Information to be included in the report

 
Item 2.05.    Costs Associated with Exit or Disposal Activities
 
On July 30, 2007, Corinthian Colleges, Inc. ("Corinthian") informed the employees of 13 of its schools of its plan to divest those schools (the "Plan"). The Plan includes the anticipated sale of 12 of Corinthian's Canadian campuses outside of the province of Ontario, Canada, as well as Corinthian's WyoTech Boston campus. As previously announced, Corinthian adopted the Plan during the fourth quarter of its fiscal year ended June 30, 2007 in order to divest itself of underperforming campuses.

Corinthian has not yet secured a buyer for any of the 13 schools included in the Plan, but has retained the services of an investment banking firm to assist management in identifying potential buyers and evaluating proposals for the Canadian campuses. Corinthian anticipates completing the sale of each of the schools included in the Plan during its fiscal year ending June 30, 2008.

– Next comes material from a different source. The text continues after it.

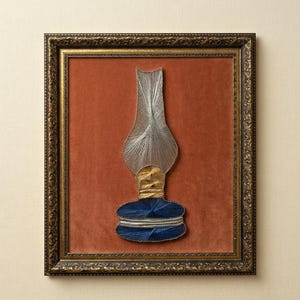 May include: A string art piece depicting a vintage oil lamp in a dark ornate frame. The lamp design is created with silver, gold, and navy blue threads against a burnt orange velvet background, showcasing a detailed silhouette of the lamp.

Until the sale is completed, these campuses will be accounted for as discontinued operations. Corinthian concluded that the carrying value of the goodwill and certain long-lived assets associated with these campuses was impaired under generally accepted accounting principles. Accordingly, Corinthian anticipates recognizing a non-cash charge of approximately $0.07 per share for the quarter ended June 30, 2007. This charge has been estimated in accordance with the provisions of Statement of Financial Accounting Standards No. 144, Accounting for the Impairment or Disposal of Long-Lived Assets ("SFAS 144"). Under SFAS 144, net assets held for sale are required to be recorded on the balance sheet at estimated fair value, less estimated costs to sell. The Company expects to incur selling costs associated with this action, including, but not limited to, investment banking and attorneys' fees, of approximately $700,000, which have been included in the anticipated charge described above. Additionally, the Company expects to incur employee retention and severance costs that cannot be reasonably estimated at this time. The total costs and charges estimated to be incurred in connection with the Plan are the aggregate of the above-described amounts, which also cannot be reasonably estimated at this time.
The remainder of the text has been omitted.